Required action: Any picture in the range stays out of the copy; retype exactly the lines from the one with "Illustration de Pesticides: vivre" to the end of the listing.

↓↓↓

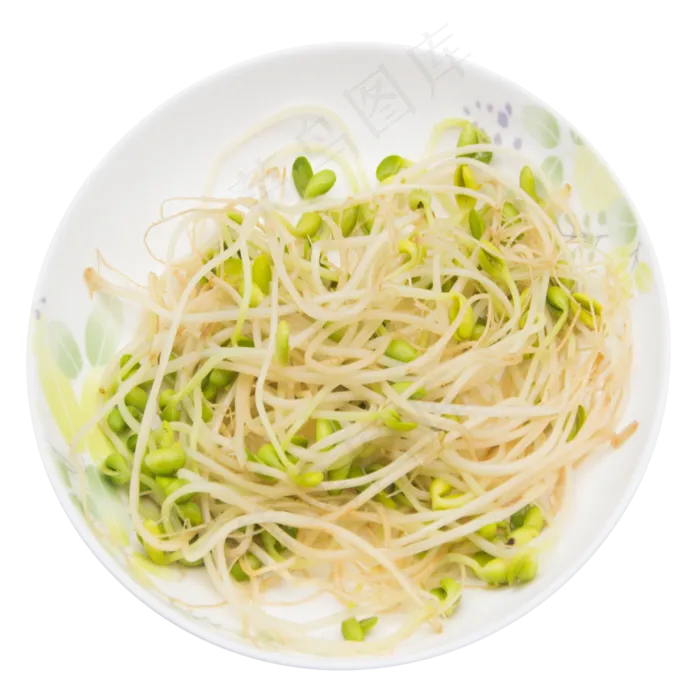 炒豆芽菜(2000X2000(DPI:300))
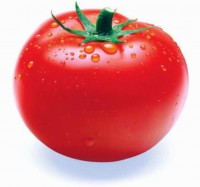 بذر گوجه فرنگی فالکون 4 گرمی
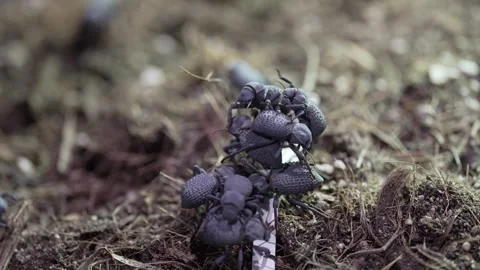 Blue Death Feigning Beetles (Asbolus verrucosus) Stock Footage 330498284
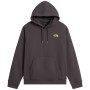 Pánska mikina The North Face U Nse Slopes Relaxed Hoodie - Graphic sivá ANTHRACITE GREY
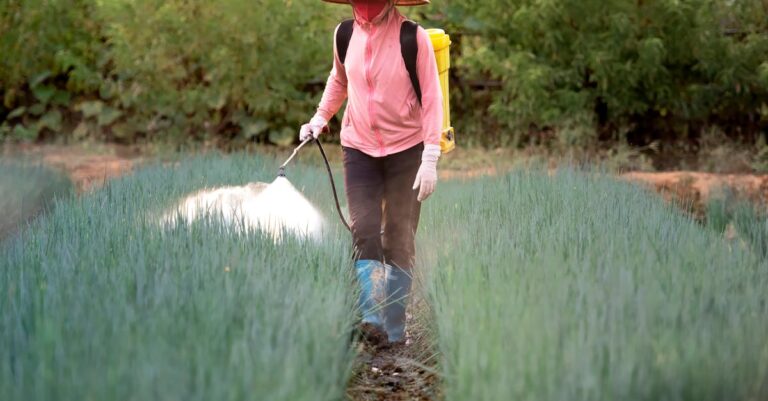 Illustration de Pesticides: vivre près des vignes augmente l'exposition vineyard-pesticide-spraying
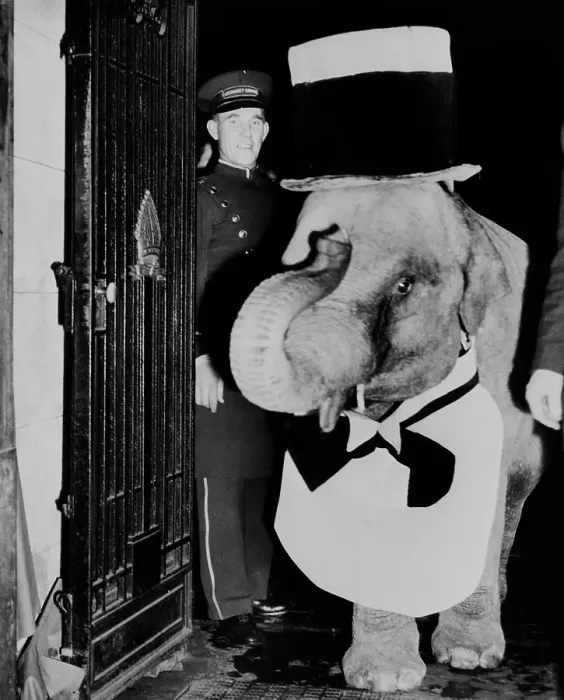 Framed Print : Baby Elephant Entering Night Club in Formal Wear Framed Print : Baby Elephant Entering Night Club in Formal Wear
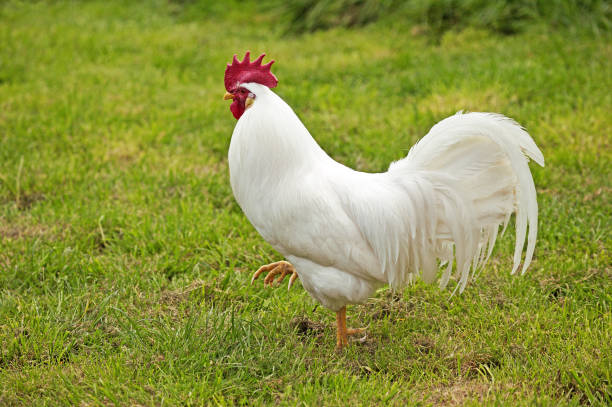istock Leghorn Domestic Chicken, Cockerel walking on Grass 1250682484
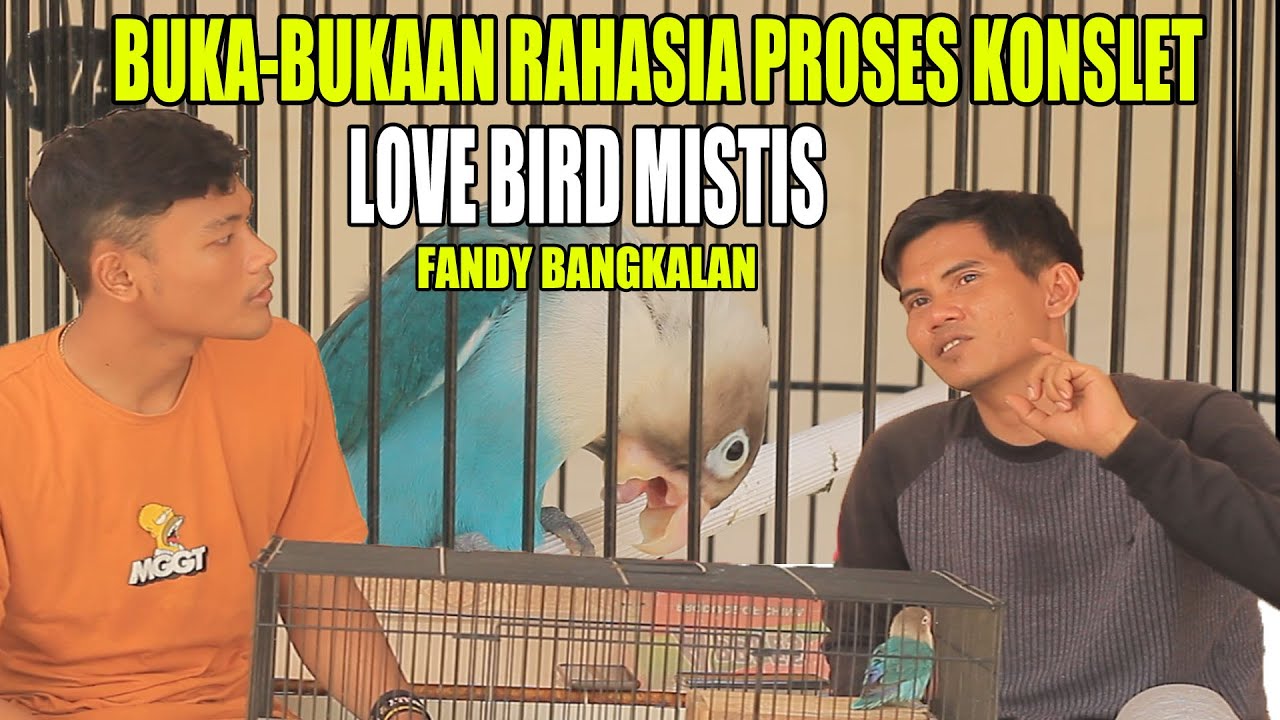 RAHASIA PROSES KONSLET LOVE BIRD MISTIS MILIK FANDI-BANGKALAN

↑↑↑

Response:
 Illustration de Pesticides: vivre près des vignes augmente l'exposition vineyard-pesticide-spraying
 Framed Print : Baby Elephant Entering Night Club in Formal Wear Framed Print : Baby Elephant Entering Night Club in Formal Wear
istock Leghorn Domestic Chicken, Cockerel walking on Grass 1250682484
 RAHASIA PROSES KONSLET LOVE BIRD MISTIS MILIK FANDI-BANGKALAN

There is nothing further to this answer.